- Choreographer: Justin Peck
- Music: Philip Glass
- Premiere: July 14, 2012 Saratoga Performing Arts Center
- Original ballet company: New York City Ballet
- Design: Justin Peck Marc Happel Brandon Stirling Baker

= In Creases =

Ballet choreographed by Justin Peck

In Creases is a ballet choreographed by Justin Peck, his first for the New York City Ballet, to Philip Glass' "Four Movements for Two Pianos". The ballet premiered on July 14, 2012, at the Saratoga Performing Arts Center, during the company's annual season there, and had its New York City premiere on May 29, 2013.

==Production==
===Background===
In Creases is the first ballet then-New York City Ballet corps de ballet member Justin Peck made for the company, though he had already choreographed at the New York Choreographic Institute for several years. He originally expected his first "big opportunity" would be Year of the Rabbit, but was commissioned to make an expansion of a piece originally made for the institute.

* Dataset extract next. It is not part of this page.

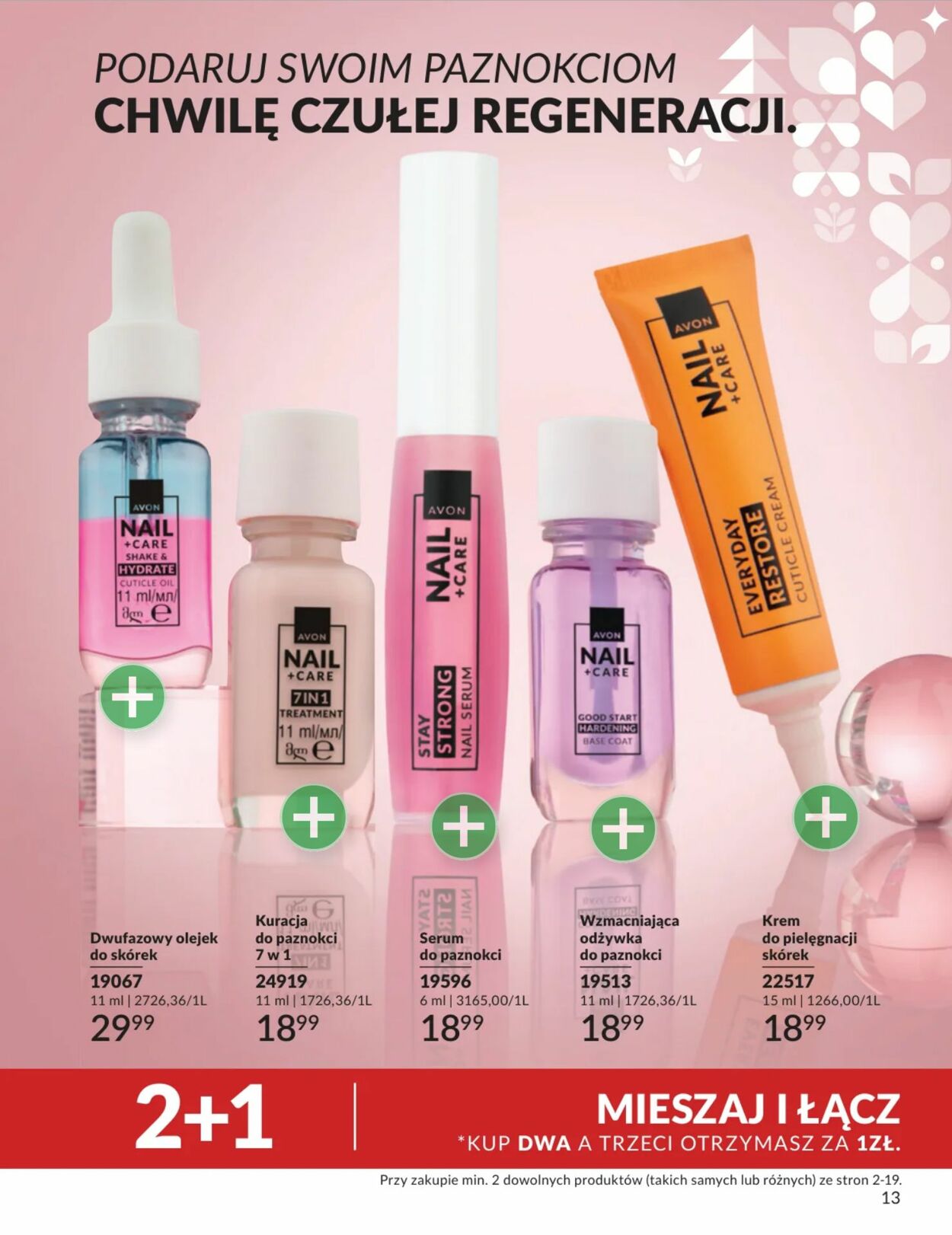 Gazetka Avon 01.02.2026 - 28.02.2026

===Choreography and music===
The title of the ballet is a pun, a comment on the music and what Peck "wanted to do structurally with the choreography." The ballet is set to Philip Glass' Four Movements for Two Pianos, which was composed in 2008. Peck was initially hesitant in using a score by Glass as many choreographers had used Glass' music before, but opted to use it anyway because Peck believed it was "very good danceable music" and "a little bit more expansive than usual."

In the choreography, Peck "attempted to have the dancers consume as much space as possible, then moved on to how I could divide and fold or crease the space using the bodies of the dancers." According to Peck, the choreography is largely inspired by the score and incorporates two scientific concepts: withdrawal reflex and the relation of magnetic poles.

The cast consists of eight dancers and two onstage pianists. Compared with the Choreographic Institute, the rehearsal schedule for a main stage production is far more unpredictable and Peck would only receive the schedule the days beforehand, therefore he "was freaking out a little." While choreographing, he was also rehearsing and performing other ballets.

===Designs===
Peck and Marc Happel, head of the company costume department, designed the costumes. Peck said he wrote down his ideas for costumes and proposed different color palette options to Happel. As there were "no budget" for the costumes, Peck went to the company warehouse, hoping to "recycle or re-use" old costumes, but he found it "difficult, because everything looked either very dated or too current, and you could sort of recognize what ballet it came from." For the female costumes, he ended up choosing the leotards from Martins' Friandises, but without the skirts, while the costumes for men are from unused unitards with some modifications.

The lighting was designed by Mark Stanley.

==Performances==
In Creases premiered on July 14, 2012, at the Saratoga Performing Arts Center, where the New York City Ballet performs annually, during which Peck performed in other ballets, including principal roles in Robbins' In the Night and Balanchine's Brahms–Schoenberg Quartet. Peck called the experience of watching it premiere "nerve wracking." Following its premiere, In Creases was performed by the smaller touring troupe New York City Ballet Moves, including at the Vail Dance Festival. On the tour, Peck was in three other ballets, so he would watch In Creases then go backstage to get ready for his performance. The ballet had its New York City premiere on May 29, 2013, by then two other ballets by Peck, Year of the Rabbit and Paz de la Jolla, had premiered there, and Peck was promoted to soloist.

The Joffrey Ballet in Chicago performed In Creases for the first time in 2015. It was the first ballet created by Peck for the New York City Ballet that was revived by another company. The Paris Opera Ballet had their premiere of In Creases in 2016. It was staged by Christian Tworzyanski, an original cast member who had recently joined Les Ballets de Monte Carlo in Monaco. Tworzyanski had never staged a ballet before, and learned the other roles via a video and speaking to Peck. Tworzyanski has since staged In Creases for Ballet Austin, The Washington Ballet and BalletMet. Boston Ballet and Ballet Arizona have also performed In Creases.

==Original cast==
Original cast:

- Emilie Gerrity
- Brittany Pollack
- Gretchen Smith
- Lydia Wellington
- Robert Fairchild
- Taylor Stanley
- Sean Suozzi
- Christian Tworzyanski

==Critical reception==
On the world premiere, New York Timess Alastair Macaulay wrote that the impression of In Creases "is of a dreamscape that heightens the progress and colors of its score," though it "passes so smoothly that it’s difficult to remember after a first viewing just how these and other scenes all fit together." Reviewing the New York City premiere, Marina Harss of DanceTabs called it a "short, lively piece" but "[i]t’s not terribly surprising that In Creases is not as fully developed or integrated as Year of the Rabbit and Paz de la Jolla." Apollinaire Scherr of the Financial Times commented that the ballet "invested the moment with the force of the future, and its own modest self with a vision of the art form: enough for any audience, new and young included."